Le consortium hongrois Ganz-Mavag a promis d’intenter une action en justice contre l’Espagne pour avoir opposé son veto à son offre de rachat de Talgo au motif qu’elle comporte des « risques pour la sécurité nationale et l’ordre public », une mesure très inhabituelle au sein de l’UE.

Cette tentative de prise de contrôle est devenue le dernier conflit en date entre les États membres de l’UE et le Premier ministre hongrois illibéral, qui a maintenu avec la Russie des relations parmi les plus étroites de tous les dirigeants occidentaux malgré son invasion à grande échelle de l’Ukraine.

Le gouvernement socialiste de Sánchez a annoncé mardi qu’il n’autoriserait pas l’offre de 619 millions d’euros visant à acquérir Talgo auprès de Ganz-Mavag, un consortium soutenu par une branche d’investissement de l’État hongrois.

Le ministère espagnol de l’Economie n’a pas donné plus de détails sur les risques pour la sécurité nationale et a déclaré que l’analyse sur laquelle la décision était basée était « classifiée ».

L’intervention de la Commission européenne est conforme à la législation nationale et européenne sur les investissements étrangers, le marché intérieur de l’UE et la libre circulation des capitaux. En vertu du droit européen, les États membres peuvent bloquer des transactions pour des raisons de sécurité publique dans des circonstances spécifiques.

Le Premier ministre espagnol Pedro Sánchez, à droite, rencontre Viktor Orbán lors d’un sommet à Grenade l’année dernière. © Thomas Coex/AFP/Getty Images

Ganz-Mavag a déclaré qu’il intenterait une action en justice en Espagne et au niveau de l’UE « pour défendre la légitimité de son offre volontaire sur Talgo », ajoutant : « Il s’agit d’une décision arbitraire du gouvernement concernant une entreprise non stratégique, qui n’a aucune habilitation de sécurité et qui ne dispose donc pas de technologie susceptible d’avoir un impact sur la sécurité nationale. »

Les médias espagnols et hongrois ont lié cette décision à l’inquiétude de Madrid concernant les liens d’Orbán avec la Russie et la menace potentielle pour les infrastructures ferroviaires essentielles.

« Ils n’ont aucune preuve de cela, ce n’est donc guère plus qu’un bluff politique », écrit le quotidien pro-gouvernemental. VilaggazdasagLe gouvernement espagnol a refusé mercredi de commenter d’éventuelles inquiétudes concernant la Russie.

Quarante-cinq pour cent du consortium Ganz-Mavag est aux mains de Corvinus, une institution financière de développement publique qui co-investit avec des entreprises hongroises à l’étranger.

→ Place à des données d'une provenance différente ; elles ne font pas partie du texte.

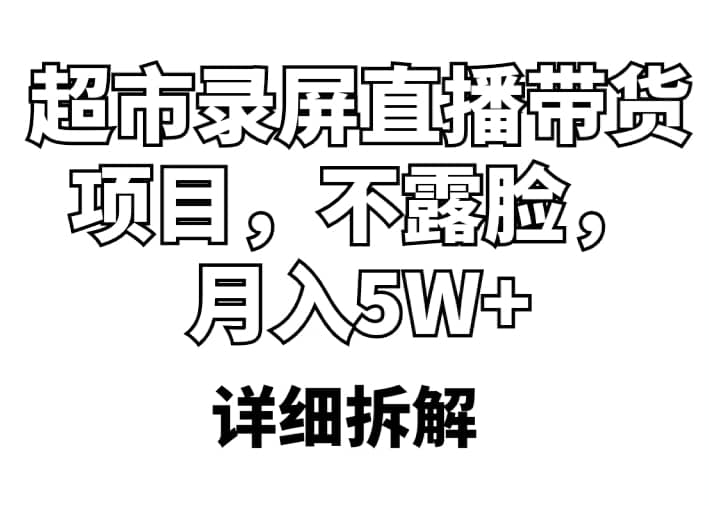 超市录屏直播带货项目,不露脸,月入5W (详细拆解)-墨痕微课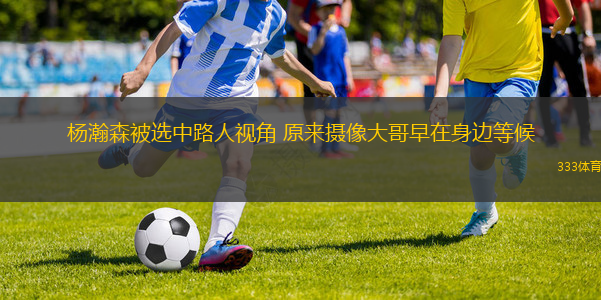 杨瀚森被选中路人视角 原来摄像大哥早在身边等候
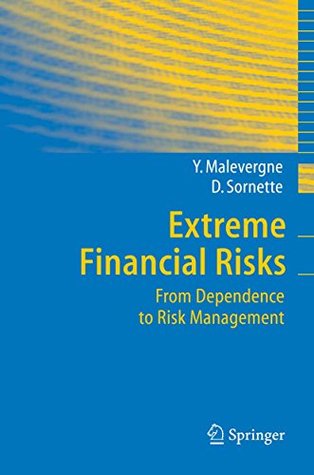 Download Extreme Financial Risks: From Dependence to Risk Management - Yannick Malevergne | ePub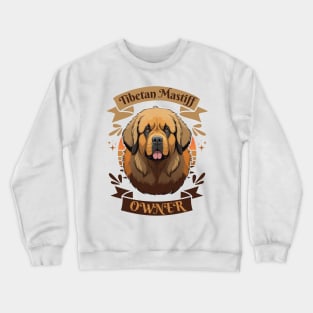 Tibetan Mastiff Crewneck Sweatshirt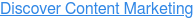 Discover Content Marketing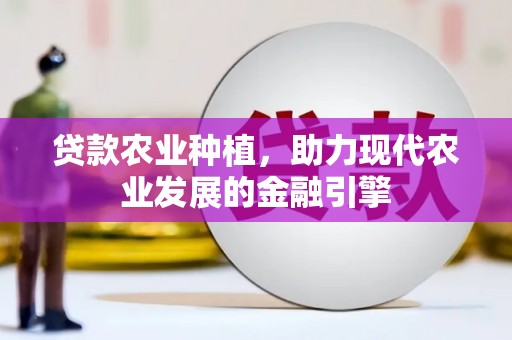 沁县贷款农业种植，助力现代农业发展的金融引擎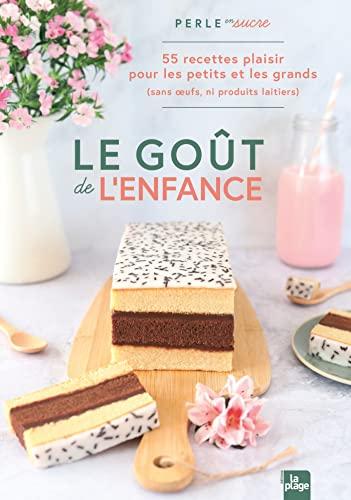 Le goût de l'enfance : 55 recettes plaisir pour les petits et les grands (sans oeufs, ni produits laitiers)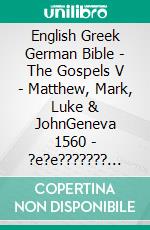 English Greek German Bible - The Gospels V - Matthew, Mark, Luke & JohnGeneva 1560 - ?e?e??????? ???a G?af? 1904 - Menge 1926. E-book. Formato EPUB ebook di Truthbetold Ministry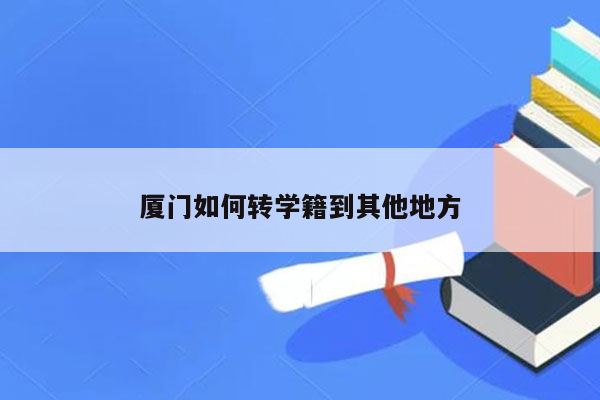 厦门如何转学籍到其他地方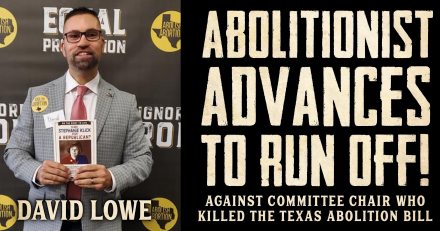 BIG: Abolitionist Candidate Advances to Runoff Against GOP Chair Who Kept Abortion Legal in Texas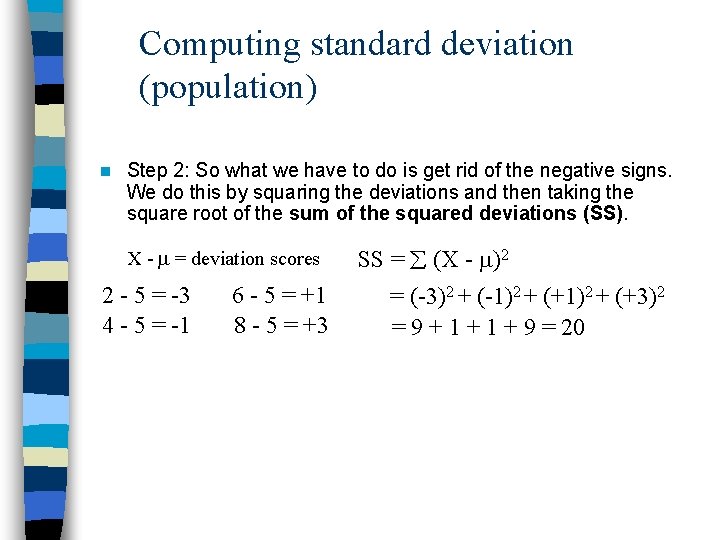 Computing standard deviation (population) n Step 2: So what we have to do is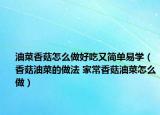 油菜香菇怎么做好吃又简单易学（香菇油菜的做法 家常香菇油菜怎么做）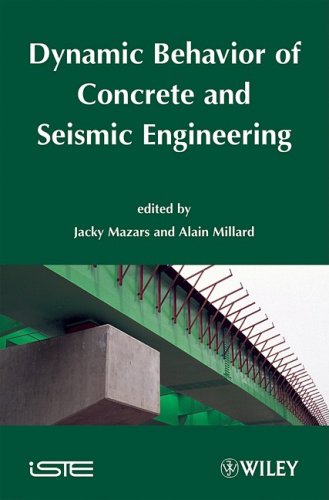 Dynamic Behavior of Concrete and Seismic Engineering (ISTE)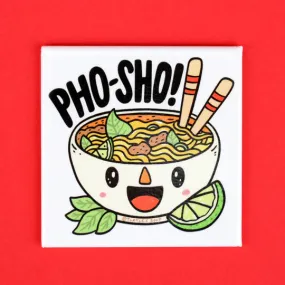 Pho Sho Magnet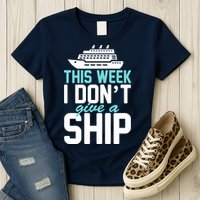 This Week I Don't Give A Ship Womens T-Shirt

Les 55 % restants appartiennent au constructeur ferroviaire hongrois Magyar-Vagon, contrôlé par un fonds d’investissement privé appartenant à un dirigeant nommé Csaba Törő et géré par l’intermédiaire d’une filiale de la compagnie pétrolière hongroise Mol.

La banque d’État Eximbank, l’un des principaux outils de financement à l’étranger du gouvernement hongrois, a accepté d’accorder un prêt de 345 millions d’euros à Ganz-Mavag, soit plus de la moitié du prix de l’offre.

Le conseil d’administration de Talgo avait accueilli chaleureusement l’offre lors de son lancement en mars, exprimant un « avis favorable » sur le prix de 5 euros par action et le qualifiant d’attrayant et « amical ».

Mais le ministre espagnol des Transports, Óscar Puente, a déclaré ce mois-ci que le gouvernement ferait « tout son possible » pour empêcher le rachat. Des responsables gouvernementaux ont décrit Talgo comme une entreprise stratégique en raison de son accès aux informations sur le réseau ferroviaire espagnol.

L’Association espagnole des actionnaires minoritaires de sociétés cotées a annoncé qu’elle allait également intenter une action en justice contre le gouvernement Sánchez en Espagne et à Bruxelles. Elle a déclaré que le veto était préjudiciable aux actionnaires de Talgo, arguant que le processus était « entaché d’irrégularités ».

Le principal actionnaire de Talgo est Trilantic, un fonds d’investissement qui détient près de 40 % du constructeur ferroviaire. Il n’a pas répondu à une demande de commentaire.